C’è poi l’incredibile contraddizione, stridente, dei tanti giovani
seduti accanto a lui, sorridenti, intenti a costruirsi un futuro che
appare credibile, in fondo tanti di loro sono giovani brillanti
laureati. Una parte del Paese è qui, mi dico, un’altra non è
rappresentata.
E’ sempre così: quando si parla ad una platea spesso vi è un gruppo che
ascolta, molto omogeneo. Se non è un discorso partitico, la bravura del
relatore è quella di aprire spazi, far entrare nella sala la diversità,
l’esigenza di comprendere ed accettare “gli altri”.
I giovani disoccupati, i giovani perplessi, dubbiosi, timorosi,
sconfortati, arrabbiati, non sono entrati nella sala. No, non per i
carabinieri che bloccavano l’ingresso ai più estremi che protestavano
con bandiere, no, non sono entrati nel discorso di Monti. Perché?
Forse quei giovani non ci sono perché il Presidente non crede nell’isteresi .
Ma soprattutto non ci sono perché a sorpresa, nel 2013, totalmente
inatteso e non dovuto, il Presidente Monti annuncia con squillo di
trombe non ripreso dalla stampa: “il 2013 sia l’anno dell’investimento
in capitale umano”. Va avanti esaltando l’importanza dell’istruzione e
criticando quella parte più corporativa dei maestri. Ma rimango basito.
Come intende rendere il 2013 l’anno dell’investimento in capitale umano?
In che modo? Con che politiche? Scuola? Università? Riforme? E quando
avrebbe intenzione di avviare le politiche per quella che è
probabilmente la più importante delle riforme del settore pubblico?

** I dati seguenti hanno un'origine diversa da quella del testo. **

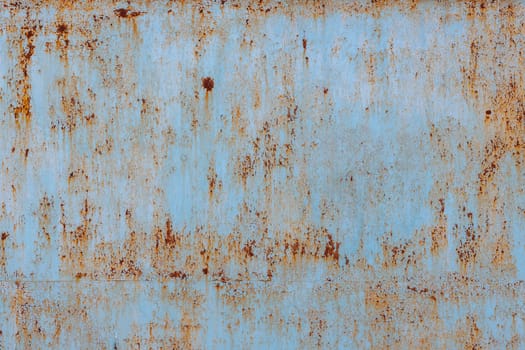 faded blue paint on flat sheet steel surface with stains of rust - full-frame background and texture.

Incredibile. La verità è che quando una riforma la si annuncia senza
crederci e senza renderla credibile, diventa automaticamente non
credibile. Il che significa che ieri Monti ha ufficialmente chiuso le
porte del 2013 all’investimento in capitale umano. Così, ufficialmente,
distrattamente, con garbo ed eleganza.